Jobs in the Labor Area Itself

The Labor area employs a manager, sometimes an assistant manager, an assigned labor coder, one or more done labor data entry people. Any time any of the jobs is open, it is posted on the 3x5 board in the ordinary way

A Brief Explanation of Slack Labor

This is for people who are interested in how the whole labor system works. Understanding slack labor is not at all necessary for day-to-day operations. Planners, at least, do need to understand it before they do the economic plan.

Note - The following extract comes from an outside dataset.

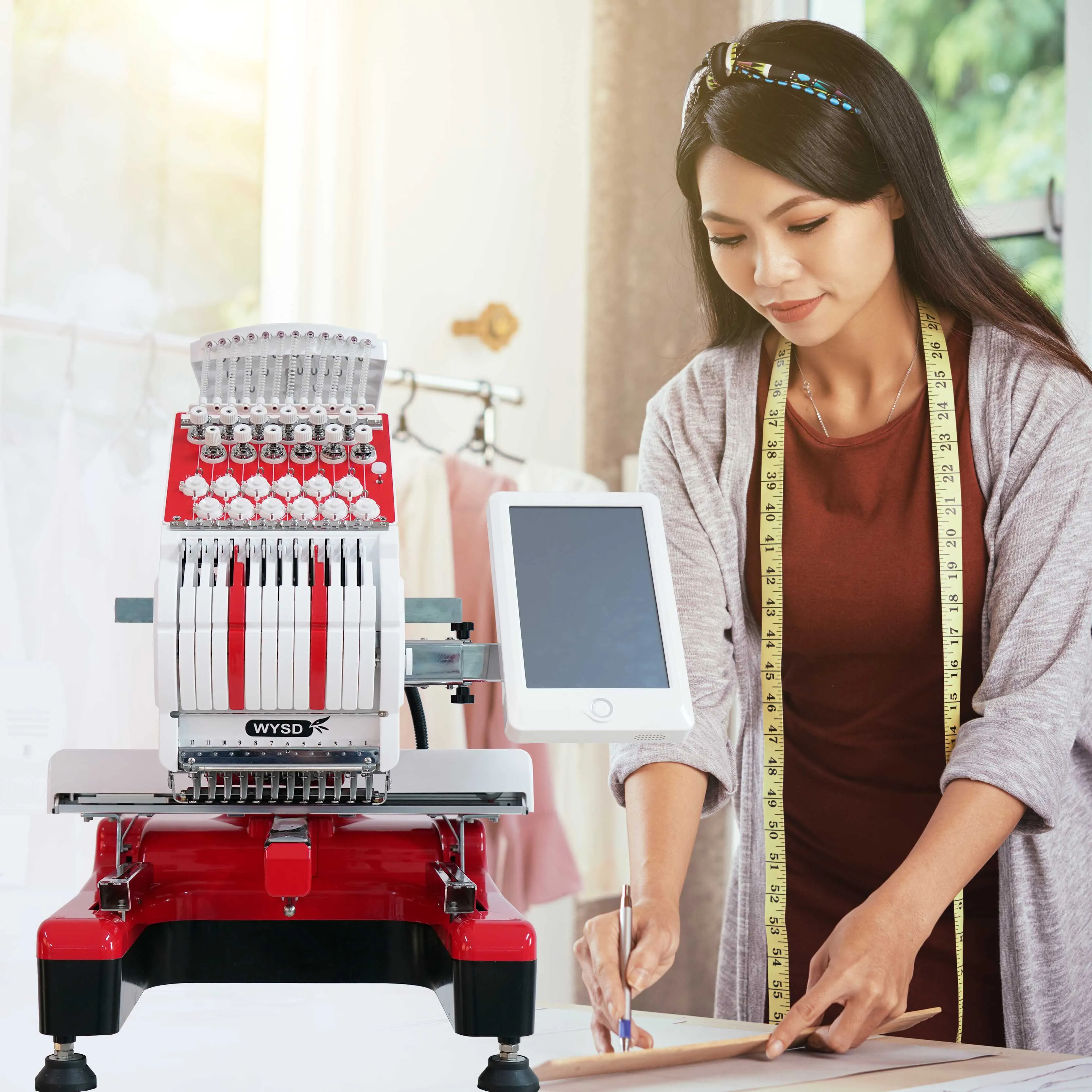 
Single Head 9 Needles Computer Digital Embroidery Machine For Cap T-shirt Clothes Garment 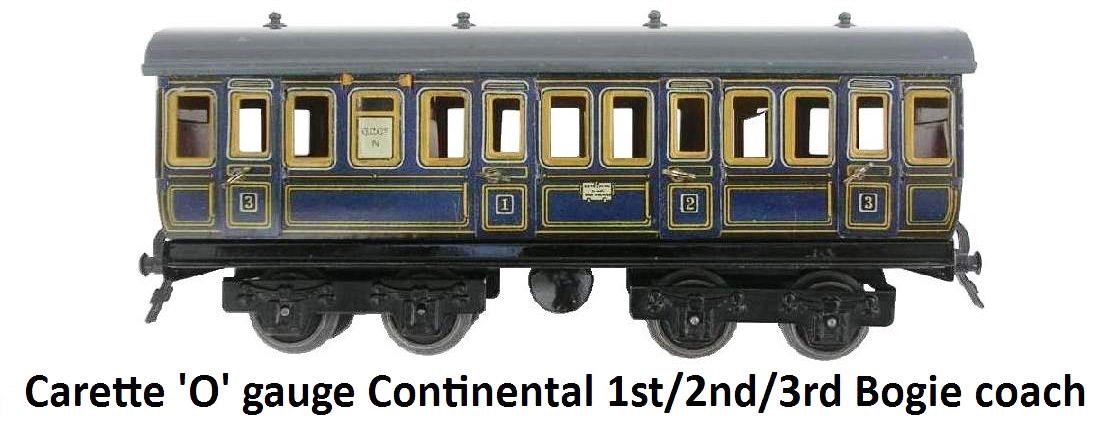 Carette 'O' gauge Continental Blue First Second and Third Class Short Eight Wheeled Double Bogie Coach with opening doors and interior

In the early years of labor budgeting we did the obvious thing -- predicted the labor needs of each area, based on the previous years' records, added a small fudge factor, and set the resulting amounts as budgets. This is easy to understand, but it didn't work very well. There were always several areas that needed more labor than they were budgeted, several others that didn't need as much as predicted, and plenty of spare people-power that couldn't be assigned within budgets. This is because predicting isn't accurate- The first solution was simply to ignore overspent budgets as long as the labor supply held up. But this method favored managers who were careless and punished those who paid attention to their budgets. So we sought something fairer.
What we do now is give most areas a budget slightly bigger than we think they are going to need. This results in our apportioning more labor than we predict having. We calculate the amount of labor we believe we will have, and then add an amount between 5 and 20 percent.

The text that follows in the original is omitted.